A supporter at an AAP-Congress rally. Photo: Atul Ashok Howale

New Delhi: Once bitter rivals, the Congress and the Aam Aadmi Party (AAP) have joined hands in a high pitched battle in Delhi in the 2024 Lok Sabha elections to take on the Bharatiya Janata Party (BJP) which has won all seven seats in Delhi in the last decade.

While the Congress won all seven seats in the 2009 Lok Sabha elections, it failed to open its account in the 2014 and 2019 elections. The AAP, on the other hand, rising to power on the back of an anti-corruption movement against the Congress-led UPA government, has recorded resounding victories in the Delhi state assembly in 2015 (winning 67 of 70 seats) and 2020 (winning 62 of 70 seats). But it has drawn a blank in the Lok Sabha elections since its inception.

Illustration: Pariplab Chakraborty

As Delhi votes on May 25 in the sixth phase of the Lok Sabha elections, the two rivals have joined hands in a seat sharing agreement, where the AAP is contesting four (New Delhi, East Delhi, South Delhi, West Delhi) and Congress three seats (North East, North West and Chandni Chowk seats) respectively as a part of the INDIA alliance.

Former journalist Ashutosh who was a member of the AAP and contested the 2014 elections from Chandni Chowk from the party said that in comparison to 2014 and 2019, it will not be as easy for the BJP in 2024.

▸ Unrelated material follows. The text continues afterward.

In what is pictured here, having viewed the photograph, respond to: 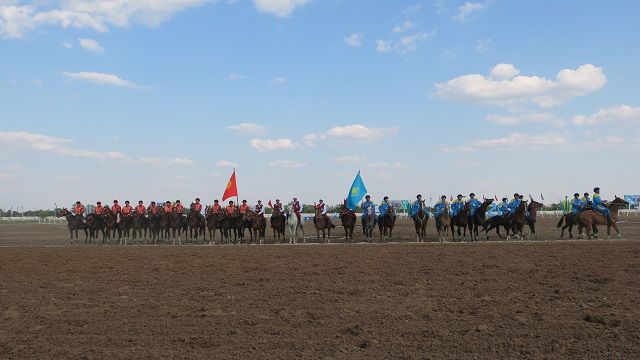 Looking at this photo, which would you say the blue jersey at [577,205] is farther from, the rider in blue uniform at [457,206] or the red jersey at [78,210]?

“Because these two political parties were contesting separately, there was no collective challenge. This time they are united and fighting together so obviously it will be a tough fight for the BJP. Secondly in 2014 and 2019 BJP did not have any national alternative. But today people in Delhi know that the INDIA gathbandhan [alliance] is here as an alternative,” he said.

CONSTITUENCY INDIA ALLIANCE BJP
NEW DELHI SOMNATH BHARTI (AAP) BANSURI SWARAJ
SOUTH DELHI SAHIRAM PEHALWAN (AAP) RAMVIR SINGH BIDHURI
EAST DELHI KULDEEP KUMAR (AAP) HARSH MALHOTRA
WEST DELHI MAHABAL MISHRA (AAP) KAMALJEET SEHRAWAT
CHANDNI CHOWK J.P. AGARWAL (CONGRESS) PRAVEEN KHANDELWAL
NORTH EAST DELHI KANHAIYA KUMAR (CONGRESS) MANOJ TIWARI
NORTH WEST DELHI UDIT RAJ (CONGRESS) YOGENDER CHANDOLIA

An alternative

That the Congress-AAP combine is posing a formidable challenge is not lost on Modi himself who has addressed at least three rallies in the capital in the last week as well as voters who are looking at the INDIA alliance as an alternative after ten years of the BJP government.

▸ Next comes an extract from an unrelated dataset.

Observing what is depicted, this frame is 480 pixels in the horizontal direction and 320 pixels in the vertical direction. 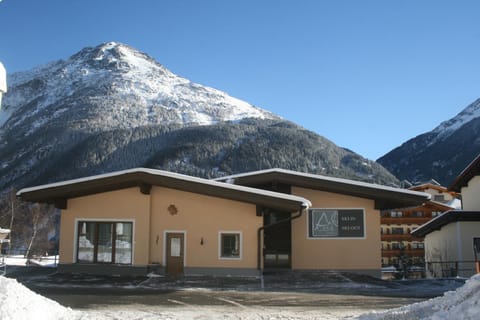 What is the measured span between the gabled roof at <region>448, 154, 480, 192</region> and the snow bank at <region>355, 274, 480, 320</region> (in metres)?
18.4

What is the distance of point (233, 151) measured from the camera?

“The biggest issue is unemployment. BJP’s only campaign has been to pitch Hindus against Muslims. During elections even rivals become friendly. Here everyone will vote for the AAP because they are in alliance with the Congress. Even if BJP wins we will vote for the alliance,” said Nasir, who works as a mechanic in East Delhi’s Shaheen Bagh.

Nasir. Photo: Sravasti Dasgupta.

In East Delhi, AAP’s Kuldeep Kumar is the INDIA alliance’s candidate taking on BJP’s Harsh Malhotra, after sitting MP Gautam Gambhir was denied a ticket.

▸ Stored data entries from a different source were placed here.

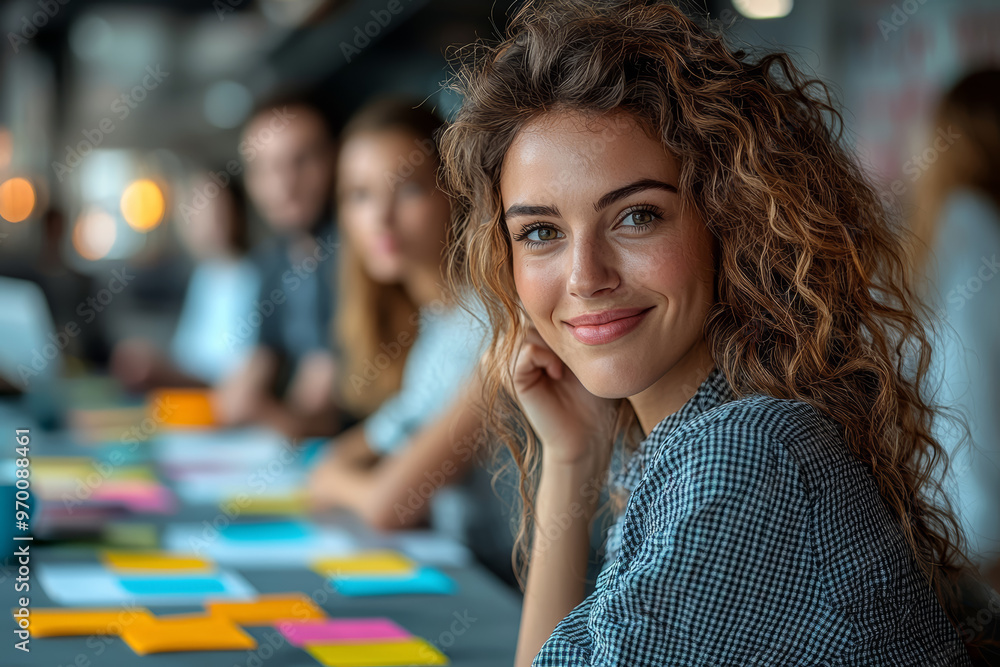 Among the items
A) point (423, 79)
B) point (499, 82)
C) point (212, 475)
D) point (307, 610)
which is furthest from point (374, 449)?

Shabbir Ali, who owns a steel welding shop in Okhla that also comes under the East Delhi constituency, echoed that the biggest issue is unemployment. 

“You can see that people are just sitting around in their shops. There is no work. The biggest issue is rozgaar [livelihood]. It is not about parties, and who has aligned with whom. It is about saving the country. If the country and the constitution survive, then parties will survive. The Congress and the AAP have also come together for the same reason-survival. We have been Congress supporters for years, but this time we will vote for the AAP candidate.”

While the Congress has built its campaign around issues of unemployment, right to apprenticeship, nationwide caste census and addressing income inequality, the AAP’s campaign which includes its own 10 guarantees, in recent weeks has been focused on chief minister Arvind Kejriwal. Kejriwal who is out on bail to campaign for the elections was arrested by the Enforcement Directorate in connection with the alleged liquor policy scam. The AAP’s campaign titled “Jail Ka Jawab Vote Se” is riding on a sympathy wave for its party’s national convenor Kejriwal, as well as other top leaders who have been jailed including former deputy chief minister Manish Sisodia and former health minister Satyendar Jain. AAP Rajya Sabha MP Sanjay Singh who was also jailed in connection with the case is out on bail.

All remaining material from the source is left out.